If the name "Rolf Sachs" isn't on your radar yet, it certainly should be. That's not only because the London-based designer recently teamed up with heavyweights Patricia Urquiola and Ron Gilad for an installation featuring "various levels of expanded metal," but also because he's got the most entertaining web site I've ever seen (with the possible exception of Javier Mariscal). While Urquiola showed her new matching wardrobe and desk, Gilad featured a nifty illusion that synthesized mirror and light into one.
Rubecula. Designed by Rolf Sachs.
Sachs, for his part, indulged in a similar kind of gamesmanship twixt reflectivity and luminescence. The enticing trio of,Rubecula Hand Me A Light, and Lighthouse all dramatize the play between projection and containment, between the impulse to shine brightly and the rather roguish inclination toward prestidigitation.

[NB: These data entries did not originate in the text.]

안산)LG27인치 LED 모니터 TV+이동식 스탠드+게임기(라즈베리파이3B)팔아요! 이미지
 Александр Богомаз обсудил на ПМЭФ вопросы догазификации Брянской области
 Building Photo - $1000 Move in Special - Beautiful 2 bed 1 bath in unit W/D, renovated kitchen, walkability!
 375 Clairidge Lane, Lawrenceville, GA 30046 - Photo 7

But before I stray too far from my first train of thought... there's Sachs' hilarious website, the homepage of which features a bizarre menagerie of objects--a cross-section of a dollhouse, a disembodied mannequin hand, a miniature automaton in a bottle--each of which performs when one hovers across it: the hand cricks a finger in a "come here" gesture, the dollhouse stick figures walk down the stairs, and the automaton executes a perfect squat jump that propels him up and out of his glassy prison. I mention this not just because it's all exquisitely entertaining, but because it reveals Sachs' pronounced affinity for whimsy, weirdness, and a miniaturized, clockworks kind of robotic animation--all qualities on display in his new, limited edition lights.
Rubecula. Designed by Rolf Sachs. [left image ©MoCo Loco]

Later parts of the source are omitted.